╭─ Provided records

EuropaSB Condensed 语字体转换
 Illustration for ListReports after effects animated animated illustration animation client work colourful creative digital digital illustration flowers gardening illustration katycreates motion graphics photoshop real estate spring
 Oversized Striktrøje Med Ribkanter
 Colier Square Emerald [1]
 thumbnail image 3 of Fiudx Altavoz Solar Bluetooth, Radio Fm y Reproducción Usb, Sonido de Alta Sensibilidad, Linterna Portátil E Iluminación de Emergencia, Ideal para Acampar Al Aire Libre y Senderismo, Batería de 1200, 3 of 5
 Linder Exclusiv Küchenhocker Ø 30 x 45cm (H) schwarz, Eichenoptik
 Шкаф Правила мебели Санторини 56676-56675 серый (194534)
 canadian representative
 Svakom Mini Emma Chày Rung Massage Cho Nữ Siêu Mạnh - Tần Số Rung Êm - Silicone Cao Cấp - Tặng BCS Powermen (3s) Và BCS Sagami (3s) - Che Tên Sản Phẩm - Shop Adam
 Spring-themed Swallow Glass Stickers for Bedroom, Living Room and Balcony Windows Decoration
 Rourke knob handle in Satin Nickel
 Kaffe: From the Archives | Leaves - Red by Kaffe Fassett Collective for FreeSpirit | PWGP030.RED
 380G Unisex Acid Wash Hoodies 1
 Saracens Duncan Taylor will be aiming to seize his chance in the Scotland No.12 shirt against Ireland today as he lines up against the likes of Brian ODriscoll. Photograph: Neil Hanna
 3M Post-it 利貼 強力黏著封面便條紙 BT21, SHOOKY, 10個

╰─

__Exercise directions__:
The required output is the stretch of entries above from the line containing "Linder Exclusiv Küchenhocker" through the line containing "Svakom Mini Emma", reproduced exactly.

__Your solution__:
 Linder Exclusiv Küchenhocker Ø 30 x 45cm (H) schwarz, Eichenoptik
 Шкаф Правила мебели Санторини 56676-56675 серый (194534)
 canadian representative
 Svakom Mini Emma Chày Rung Massage Cho Nữ Siêu Mạnh - Tần Số Rung Êm - Silicone Cao Cấp - Tặng BCS Powermen (3s) Và BCS Sagami (3s) - Che Tên Sản Phẩm - Shop Adam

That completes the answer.